Aims Intravenous iron supplementation is widely used to treat iron deficiency and iron deficiency anemia when oral iron administration is ineffective or poorly tolerated. Hypersensitivity reactions (HSRs) during infusions are rare, but can be life-threatening. This study aimed to compare the risk for HSRs with the intravenous administration of iron isomaltoside-1000 and ferric carboxymaltose for the treatment of iron deficiency and iron deficiency anemia. Methods This was a single-centre cohort study. Nurses and physicians were instructed to fill out an HSR registration form with every administration of intravenous iron. HSRs were distinguished into serious and non-serious HSRs using the Ring and Messmer classification.

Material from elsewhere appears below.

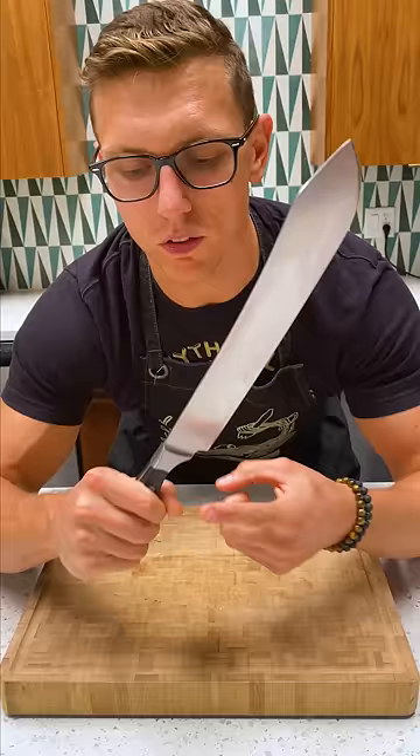Now here we have Thunderfury Blessed Blade of the Windseeker. My favorite part about Thunderfury is a soul portal attached to the hilt that traps all its enemies and sends them to the Library of Fate where they'll face off against Ragnaroth, Lord of Despair. Happy cooking everybody.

Results HSRs occurred in 18/836 (2.1%) ferric carboxymaltose and 43/496 (8.7%) iron isomaltoside-1000 administrations. The crude risk for HSRs was 75% lower after ferric carboxymaltose treatment (RR = 0.248, 95% CI: 0.145-0.426, P < 0.0001). The risk for grade II HSRs was 88% lower after ferric carboxymaltoside (RR = 0.123, 95% CI: 0.051-0.294). The likelihood of HSRs was 3.4 times higher after the administration of iron isomaltoside-1000 (95% CI: 1.910-6.093, P < 0.0001). Regardless of the type of intravenous iron, patients with comorbidities have a factor 3.6 higher risk (95% CI: 1.899-6.739, P < 0.0001). Conclusions Ferric carboxymaltose is associated with a 75% lower risk for HSRs compared with iron isomaltoside-1000 in our population. The presence of a comorbidity raises the likelihood of an HSR by a factor of three regardless of the type of intravenous iron infusion. Further research is needed to clarify the underlying mechanism in various patient groups.